=== YOUR GOAL ===
Copy each line of the data below exactly, leaving out pictures.

=== DATA ===
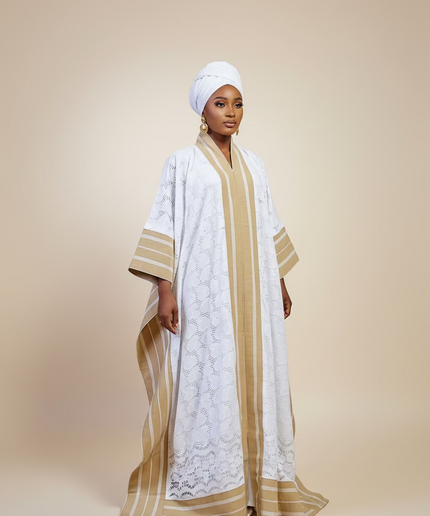 Robe dentelle aso oke - Blanc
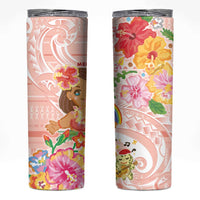 Aloha Hawaii Skinny Tumbler Kawaii Mele Kalikimaka - Pastel Fever LT7 Peach - Polynesian Pride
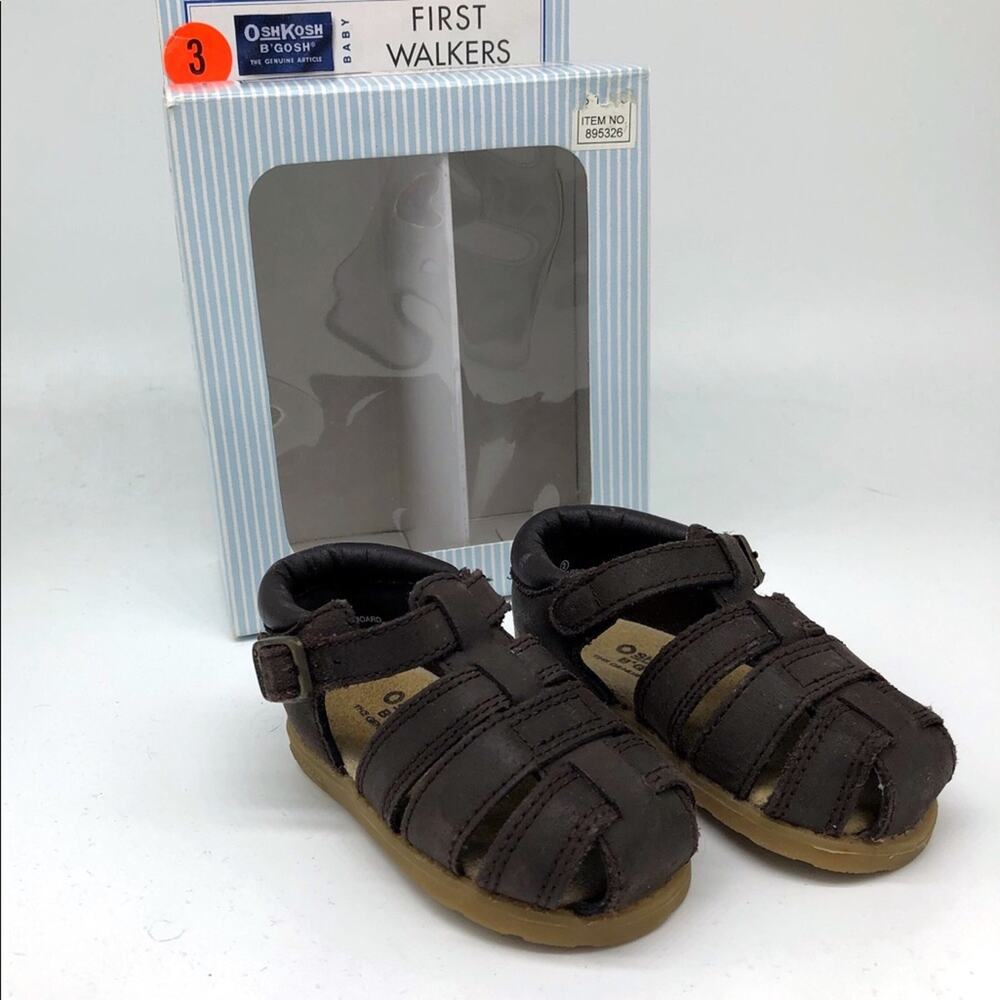 Vintage Vtg Oshkosh B’Gosh First Walkers Brown Starboard 6-9 months size 3 NEW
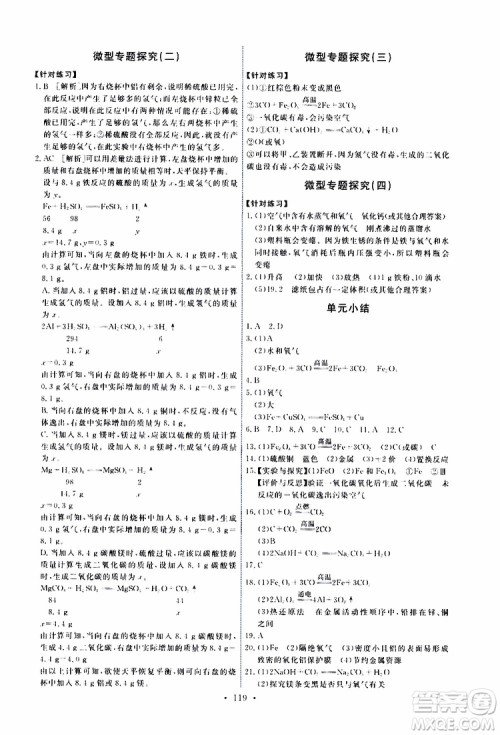 天舟文化2019版能力培养与测试九年级化学下册人教版RJ版参考答案 天舟文化2019版能力培养与测试九年级化学下册人教版RJ版参考答案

=== TASK RESULT ===
 Robe dentelle aso oke - Blanc
 Aloha Hawaii Skinny Tumbler Kawaii Mele Kalikimaka - Pastel Fever LT7 Peach - Polynesian Pride
 Vintage Vtg Oshkosh B’Gosh First Walkers Brown Starboard 6-9 months size 3 NEW
 天舟文化2019版能力培养与测试九年级化学下册人教版RJ版参考答案 天舟文化2019版能力培养与测试九年级化学下册人教版RJ版参考答案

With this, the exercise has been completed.